Los ejes de la medida oficial
El texto legal incorporó modificaciones sobre el artículo 29 y el artículo 62 de la normativa migratoria vigente, estableciendo causal de rechazo en frontera y de pérdida de residencia para quienes difundan mensajes despectivos de carácter oral o escrito vinculados con la nacionalidad. Asimismo, la medida contempla sanciones para quienes participen o incentiven el ultraje de los símbolos patrios nacionales.
Desde la administración central justificaron la urgencia de la disposición argumentando un incremento considerable en las expresiones de menosprecio hacia la identidad cultural argentina, conductas que —según la perspectiva oficial— atentan contra la paz social y la convivencia armónica. No obstante, el articulado aclara expresamente que quedan salvaguardadas del alcance punitivo las opiniones vinculadas con el disenso ideológico, la crítica política o académica amparadas bajo las garantías constitucionales.

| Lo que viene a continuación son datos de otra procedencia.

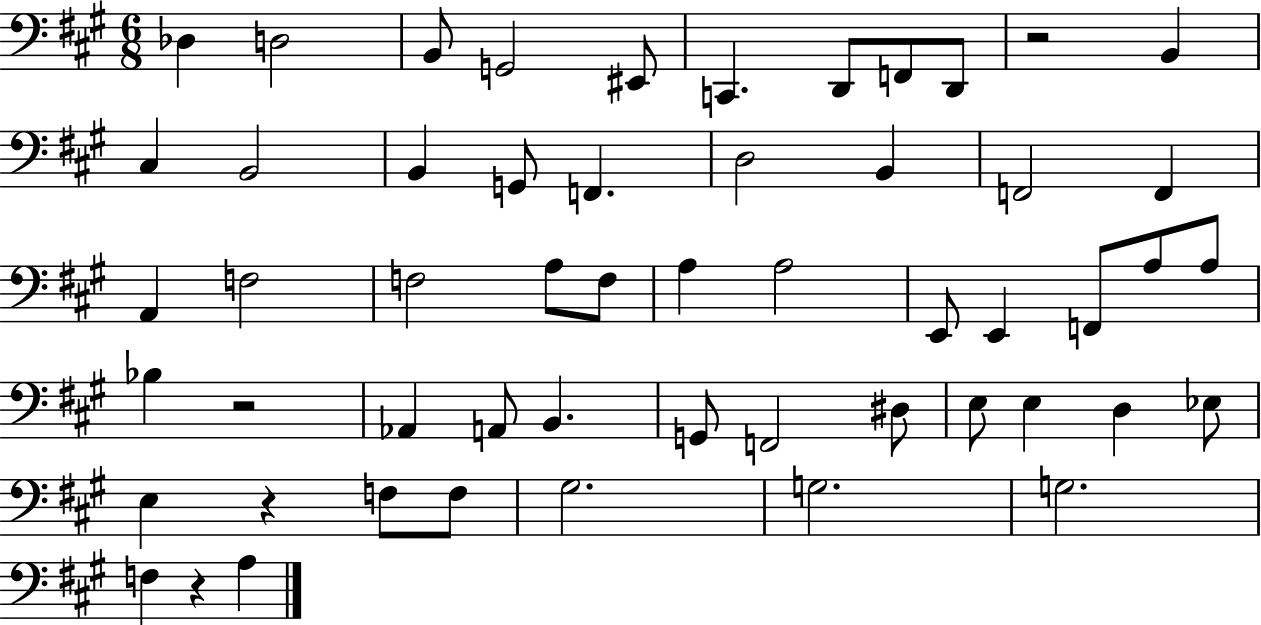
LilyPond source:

{
  \clef bass
  \numericTimeSignature
  \time 6/8
  \key a \major
  des4 d2 | b,8 g,2 eis,8 | c,4. d,8 f,8 d,8 | r2 b,4 | \break cis4 b,2 | b,4 g,8 f,4. | d2 b,4 | f,2 f,4 | \break a,4 f2 | f2 a8 f8 | a4 a2 | e,8 e,4 f,8 a8 a8 | \break bes4 r2 | aes,4 a,8 b,4. | g,8 f,2 dis8 | e8 e4 d4 ees8 | \break e4 r4 f8 f8 | gis2. | g2. | g2. | \break f4 r4 a4 | \bar "|."
}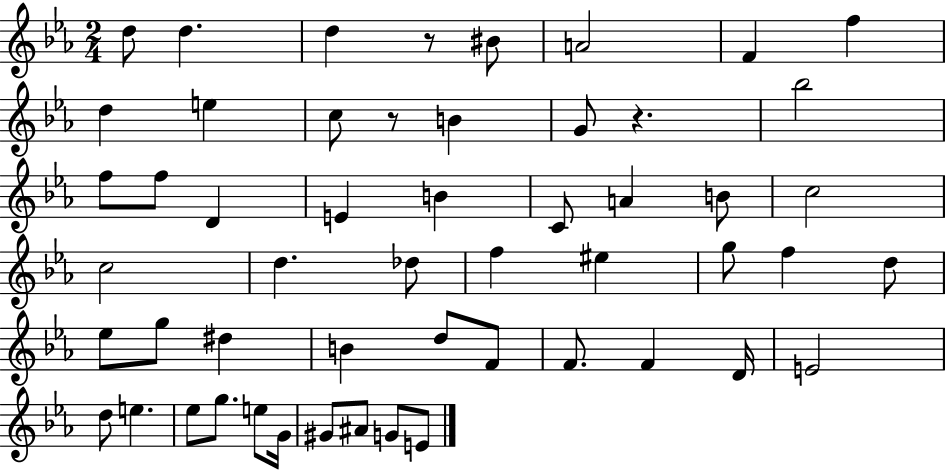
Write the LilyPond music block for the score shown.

{
  \clef treble
  \numericTimeSignature
  \time 2/4
  \key ees \major
  d''8 d''4. | d''4 r8 bis'8 | a'2 | f'4 f''4 | \break d''4 e''4 | c''8 r8 b'4 | g'8 r4. | bes''2 | \break f''8 f''8 d'4 | e'4 b'4 | c'8 a'4 b'8 | c''2 | \break c''2 | d''4. des''8 | f''4 eis''4 | g''8 f''4 d''8 | \break ees''8 g''8 dis''4 | b'4 d''8 f'8 | f'8. f'4 d'16 | e'2 | \break d''8 e''4. | ees''8 g''8. e''8 g'16 | gis'8 ais'8 g'8 e'8 | \bar "|."
}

El debate constitucional y las advertencias legales
La promulgación del decreto abrió un intenso debate jurídico respecto a su implementación y legalidad constitucional. En declaraciones públicas, el abogado constitucionalista Félix Lonigro señaló que, si bien el espíritu de la norma busca proteger la soberanía, este tipo de restricciones restrictivas de derechos deberían tramitarse formalmente a través del Congreso Nacional en virtud del principio de legalidad.
Asimismo, el especialista advirtió sobre los riesgos latentes de una aplicación discrecional por parte del Ejecutivo. Lonigro remarcó la necesidad indispensable de que sea el Poder Judicial, a través de los mecanismos de la Dirección Nacional de Migraciones y los tribunales competentes, el que resuelva en última instancia las deportaciones, evitando que queden sujetas a la voluntad unilateral de una autoridad administrativa y garantizando los contrapesos propios del Estado de derecho.